Thoughts on CloudFormation

Posted on March 10, 2015 in AWS • 3 min read

I've spent the last 10 months working with AWS' CloudFormation service. I felt it would be useful to put my thoughts together on how I found the service to be for a small startup.


CloudFormation is great if you don't want to deal with the orchestration of your deployments. It runs over your configuration files and figures out what the delta changes are, applies them taking dependencies into account, and will also rollback if a failure occurs.

Overall, CloudFormation works well for offloading the execution of deployments.


There are a few places where CloudFormation begins to fall short for me.

The first is complexity. I'm not saying the service can't handle the complexity, but humans can't handle the complexity of the JSON that CloudFormation uses for configuration. Even a moderately complex environment can begin to clock in at thousands of lines of JSON. At that point, it starts to feel like the XML days of yore.

That means you have to lean on a tool like troposphere can do some heavy lifting. Troposphere is a great library and I would not even try to approach CloudFormation without it or something equivalent.

The second downside is when your stacks fail to rollback. This happens most often when you're making a complicated change (e.g. refactoring nested CloudFormation templates) and the only way to get resolution on it is to contact AWS support. Support on the forums is slow and you're not always guaranteed to get attention either so if you end up using CloudFormation you better have premium support. Your best bet is to makes a series of smaller, incremental changes, rather than sweeping refactoring.

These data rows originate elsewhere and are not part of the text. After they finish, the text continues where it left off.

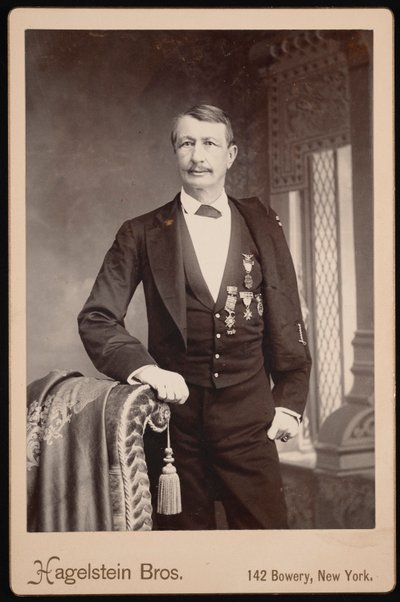 J. Watts John Watts De Peyster 1821-1907 の肖像、1896 年以前。 作： Hagelstein Bros
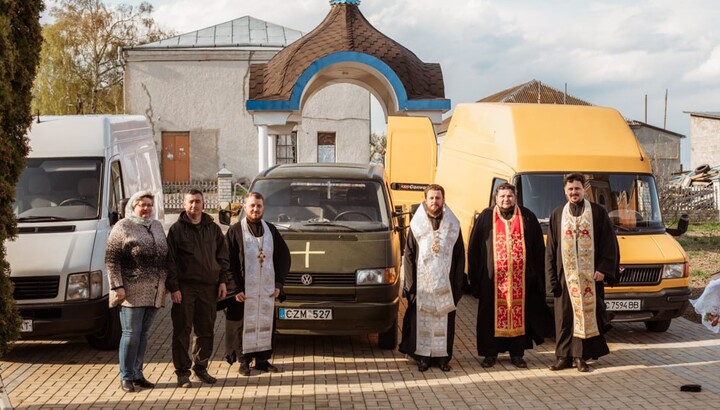 Архієпископ Хмельницький і Старокостянтинівський Віктор освятив автомобіль для ЗСУ. Фото: news.church.ua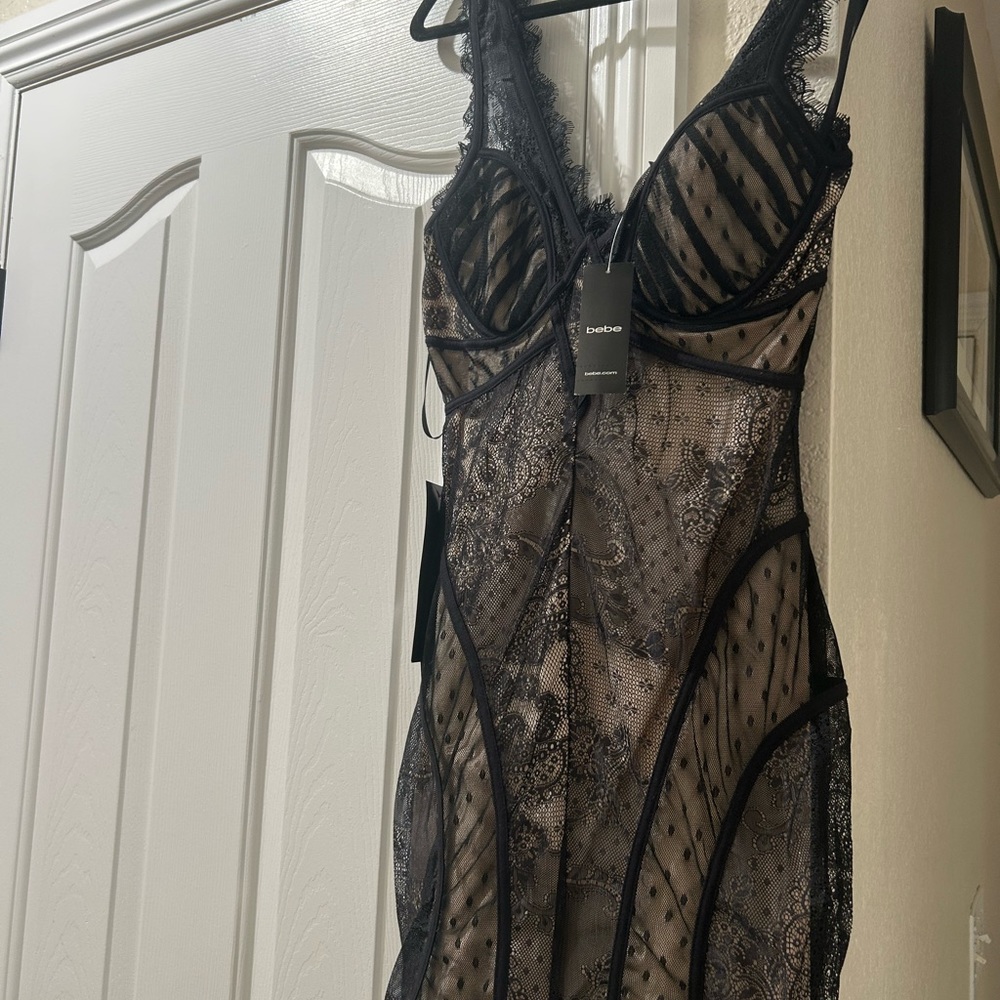 Bebe lace dress size small NWT never worn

The third downside is that you're limited to 20 stacks per region by default. You can request an increase to this limit, but there's always a limit. Limits like this are in place so that AWS can ensure a performant service for all their customers. This ends up steering you towards monolithic stacks, which can be even more painful. This also makes it much more difficult to run an arbitrary number of ad-hoc production-like environments for your developers.


Roll Your Own with Boto

If you're using Python to generate CloudFormation configuration, it's not a huge leap to just use boto directly. The AWS CLI runs on boto so the one thing you can count on is really solid service coverage. Boto will give you much more control and a better ability to recover from failed deployments, whereas a failure in CloudFormation (failed rollbacks are notoriously painful and always require intervention of AWS support to resolve) can possibly hold your service hostage while you engage AWS support to fix the failed stack. You'll have to handle rollback yourself, but you have much control over how exactly that works.


Hashicorp's Terraform is one project to keep an eye on. The main roadblock to adoption for me would be the limited scope of AWS coverage. It's a pretty cool tool so far though and once it achieves a higher coverage of AWS services it will probably be my go-to tool.

Final Thoughts

CloudFormation can really help you get going on AWS if you don't want to deal with some of the deployment logistics, but the complexity of configuring it will quickly catch up with you for non-trivial deployments. AWS is continuing to improve the service though so some of the pitfalls I point out here may improve of time (particularly the rollback failures as I know it's a sore point).